これまでに、食品メーカーで研究や商品開発を担当したり、工場の品質管理も務めてきたりした今城さん。その経験からも、「生」がつく商品に関しては以前から注目していたといいます。
気になり調べる中で、今城さんは「生の定義があいまいだったり、はっきりしない商品もありました」。
この「定義がはっきりしない」「定義があいまい」ということには「怖さがある」と指摘します。
その怖さの一つとして挙げたのは、「優良誤認」というキーワードです。
消費者庁のホームページによると、優良誤認とは、「一般消費者に対し、(1)実際のものよりも著しく優良であると示すもの(2)事実に相違して競争関係にある事業者に係るものよりも著しく優良であると示すもの」を指し、場合によっては景品表示法違反にあたるといいます。
「フレッシュさを伝えるために『生』を使っているのだとしても、最近では『やわらかさ』をイメージさせる場合もあり、消費者の誤解を生む可能性があります」
今城さんは「消費者にとって、『生』がつく商品に珍味の感覚がある場合もある。だからこそ、こういう商品が生き残ったり、新しいのが出てきたりしているのでしょう」と話す一方で、そこには消費者側も食品に関する基礎知識を持つことも必要不可欠だと指摘します。
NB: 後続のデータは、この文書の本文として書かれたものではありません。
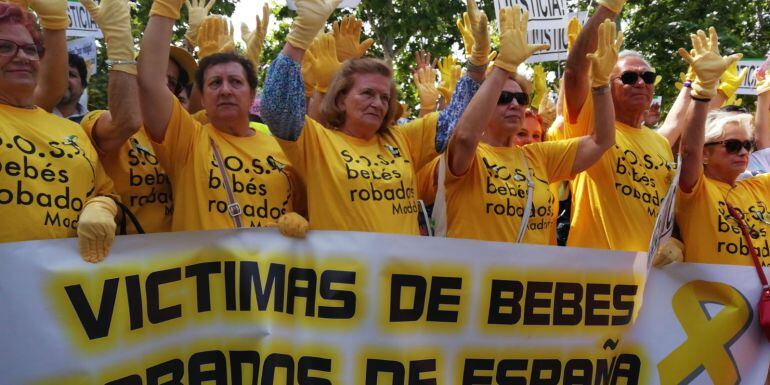 Concentración ante la Audiencia Provincial, SOS BEBES ROBADOS (Madrid)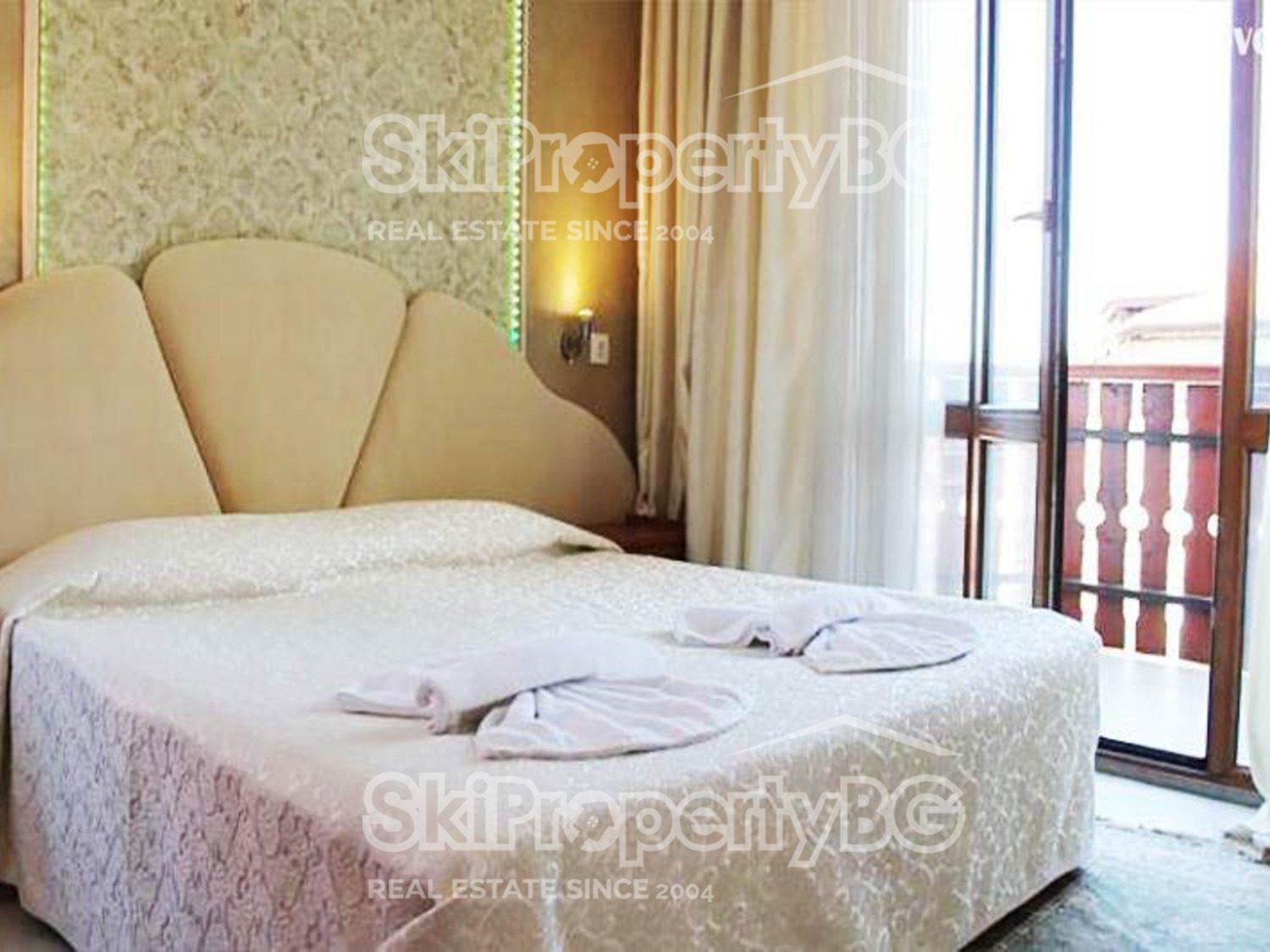 Hotel for Sale in Bansko, Blagoevgrad Province, Bulgaria — 2,100 m² — photo 5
「例えば最近、じゃがいもを生で食べるレシピをネット上でいくつもみかけました。『じゃがいもの芽や緑色の部分には、ソラニンなどの毒素が含まれる』などの知識がある人であればいいのですが、毒性のある食品が、家庭料理においても安易に『生』で取り入れられることには懸念を覚えます」
「生」がつく商品名が広がる背景については、消費者が「生」という言葉に「新鮮さややわらかさを感じていて、国民性としても『生』のものを求める傾向があるように感じる」と今城さん。
現在、はっきりとした定義のない「生」の商品に関しては、「命に関わるほどの危険性があるわけではないからこそ、規定がないのだろう」と理解を示しつつも、「現状のまま『生』の表記が氾濫すると、食品安全の意識が不足した生活者に『生』が危険に扱われてしまう可能性もあるのではないか」と警鐘を鳴らしています。